── RECORDS FOR THIS TASK ──

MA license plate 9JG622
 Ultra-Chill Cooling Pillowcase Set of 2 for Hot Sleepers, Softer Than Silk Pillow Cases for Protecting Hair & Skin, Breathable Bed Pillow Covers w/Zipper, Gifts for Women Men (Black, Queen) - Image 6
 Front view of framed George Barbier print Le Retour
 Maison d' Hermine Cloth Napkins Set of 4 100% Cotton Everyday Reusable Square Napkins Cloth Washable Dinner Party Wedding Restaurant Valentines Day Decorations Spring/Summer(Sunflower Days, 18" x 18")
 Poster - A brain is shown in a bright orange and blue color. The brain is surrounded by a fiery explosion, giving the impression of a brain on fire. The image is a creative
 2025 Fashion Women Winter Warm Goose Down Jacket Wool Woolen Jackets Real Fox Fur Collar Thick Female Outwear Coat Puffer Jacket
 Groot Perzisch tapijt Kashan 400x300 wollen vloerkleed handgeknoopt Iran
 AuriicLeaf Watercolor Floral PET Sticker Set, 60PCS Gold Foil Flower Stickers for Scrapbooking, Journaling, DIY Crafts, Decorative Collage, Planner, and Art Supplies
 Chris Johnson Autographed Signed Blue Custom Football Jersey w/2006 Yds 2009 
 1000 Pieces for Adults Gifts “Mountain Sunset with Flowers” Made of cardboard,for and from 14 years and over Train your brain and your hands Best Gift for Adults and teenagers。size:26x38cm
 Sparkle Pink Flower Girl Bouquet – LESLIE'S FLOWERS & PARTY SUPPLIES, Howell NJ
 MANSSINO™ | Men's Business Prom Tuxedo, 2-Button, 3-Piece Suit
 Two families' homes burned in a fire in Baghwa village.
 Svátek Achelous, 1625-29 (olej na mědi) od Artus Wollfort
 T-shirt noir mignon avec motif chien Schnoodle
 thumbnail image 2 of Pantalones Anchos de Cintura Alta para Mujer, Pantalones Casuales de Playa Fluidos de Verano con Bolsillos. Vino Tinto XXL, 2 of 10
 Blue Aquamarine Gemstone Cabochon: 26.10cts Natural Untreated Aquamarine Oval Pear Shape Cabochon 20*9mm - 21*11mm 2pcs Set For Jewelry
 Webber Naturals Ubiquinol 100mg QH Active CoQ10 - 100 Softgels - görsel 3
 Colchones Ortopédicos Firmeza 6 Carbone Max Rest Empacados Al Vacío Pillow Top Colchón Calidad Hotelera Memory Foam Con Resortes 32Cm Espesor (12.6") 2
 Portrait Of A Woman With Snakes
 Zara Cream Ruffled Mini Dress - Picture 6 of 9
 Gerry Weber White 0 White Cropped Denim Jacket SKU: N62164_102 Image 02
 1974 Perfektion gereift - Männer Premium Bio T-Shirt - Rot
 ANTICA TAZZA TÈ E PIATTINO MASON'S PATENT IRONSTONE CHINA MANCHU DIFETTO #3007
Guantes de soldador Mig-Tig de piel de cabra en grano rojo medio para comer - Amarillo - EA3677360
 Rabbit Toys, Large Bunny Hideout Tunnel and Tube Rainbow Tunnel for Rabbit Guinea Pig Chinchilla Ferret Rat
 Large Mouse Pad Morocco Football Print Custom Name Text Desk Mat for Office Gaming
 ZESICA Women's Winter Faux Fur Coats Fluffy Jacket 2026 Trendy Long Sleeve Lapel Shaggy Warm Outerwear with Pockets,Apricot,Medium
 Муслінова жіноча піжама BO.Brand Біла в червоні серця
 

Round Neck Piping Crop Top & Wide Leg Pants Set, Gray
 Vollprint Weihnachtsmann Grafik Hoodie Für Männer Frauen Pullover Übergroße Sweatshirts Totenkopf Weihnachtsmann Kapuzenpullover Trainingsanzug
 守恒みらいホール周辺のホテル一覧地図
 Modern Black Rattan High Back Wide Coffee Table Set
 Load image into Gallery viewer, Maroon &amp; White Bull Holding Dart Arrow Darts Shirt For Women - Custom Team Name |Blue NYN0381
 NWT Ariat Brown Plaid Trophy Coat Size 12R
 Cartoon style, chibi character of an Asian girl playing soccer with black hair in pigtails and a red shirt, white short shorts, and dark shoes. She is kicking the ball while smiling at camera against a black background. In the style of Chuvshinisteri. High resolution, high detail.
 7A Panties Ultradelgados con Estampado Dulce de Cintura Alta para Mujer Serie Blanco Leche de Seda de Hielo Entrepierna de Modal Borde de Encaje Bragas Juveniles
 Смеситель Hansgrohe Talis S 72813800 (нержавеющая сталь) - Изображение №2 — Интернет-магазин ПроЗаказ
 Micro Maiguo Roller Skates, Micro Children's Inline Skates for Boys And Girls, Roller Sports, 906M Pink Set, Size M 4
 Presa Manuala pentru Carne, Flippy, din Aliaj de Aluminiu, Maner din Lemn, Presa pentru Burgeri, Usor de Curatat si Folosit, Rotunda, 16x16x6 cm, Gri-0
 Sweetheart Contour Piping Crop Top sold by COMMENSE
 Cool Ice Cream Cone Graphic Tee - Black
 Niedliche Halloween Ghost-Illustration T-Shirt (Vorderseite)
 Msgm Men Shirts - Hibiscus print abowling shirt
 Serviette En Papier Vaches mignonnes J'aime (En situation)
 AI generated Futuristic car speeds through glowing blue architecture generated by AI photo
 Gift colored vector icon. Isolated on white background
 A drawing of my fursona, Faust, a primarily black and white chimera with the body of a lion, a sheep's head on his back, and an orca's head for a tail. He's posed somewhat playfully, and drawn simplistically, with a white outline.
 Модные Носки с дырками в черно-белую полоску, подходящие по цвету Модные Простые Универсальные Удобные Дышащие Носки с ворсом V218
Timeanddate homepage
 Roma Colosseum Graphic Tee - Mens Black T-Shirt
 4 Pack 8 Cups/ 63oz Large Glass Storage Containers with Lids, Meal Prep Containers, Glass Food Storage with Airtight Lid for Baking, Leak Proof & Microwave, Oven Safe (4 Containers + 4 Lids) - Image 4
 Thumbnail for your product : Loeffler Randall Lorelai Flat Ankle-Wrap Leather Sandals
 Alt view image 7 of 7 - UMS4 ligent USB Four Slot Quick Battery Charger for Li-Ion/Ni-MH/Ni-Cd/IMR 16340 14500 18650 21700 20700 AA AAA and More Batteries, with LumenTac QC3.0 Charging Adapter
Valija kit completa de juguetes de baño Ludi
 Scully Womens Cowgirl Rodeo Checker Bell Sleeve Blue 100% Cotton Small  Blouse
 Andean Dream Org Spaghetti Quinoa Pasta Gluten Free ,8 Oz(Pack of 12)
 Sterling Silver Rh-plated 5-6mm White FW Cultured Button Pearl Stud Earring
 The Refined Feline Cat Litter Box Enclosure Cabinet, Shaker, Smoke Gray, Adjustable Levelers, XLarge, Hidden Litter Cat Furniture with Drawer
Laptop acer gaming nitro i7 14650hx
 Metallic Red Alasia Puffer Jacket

───

DIRECTIONS FOR THIS TASK
Spot the lines above that mention "Custom" and copy them.

EXPECTED ANSWER
 Chris Johnson Autographed Signed Blue Custom Football Jersey w/2006 Yds 2009 
 Large Mouse Pad Morocco Football Print Custom Name Text Desk Mat for Office Gaming
 Load image into Gallery viewer, Maroon &amp; White Bull Holding Dart Arrow Darts Shirt For Women - Custom Team Name |Blue NYN0381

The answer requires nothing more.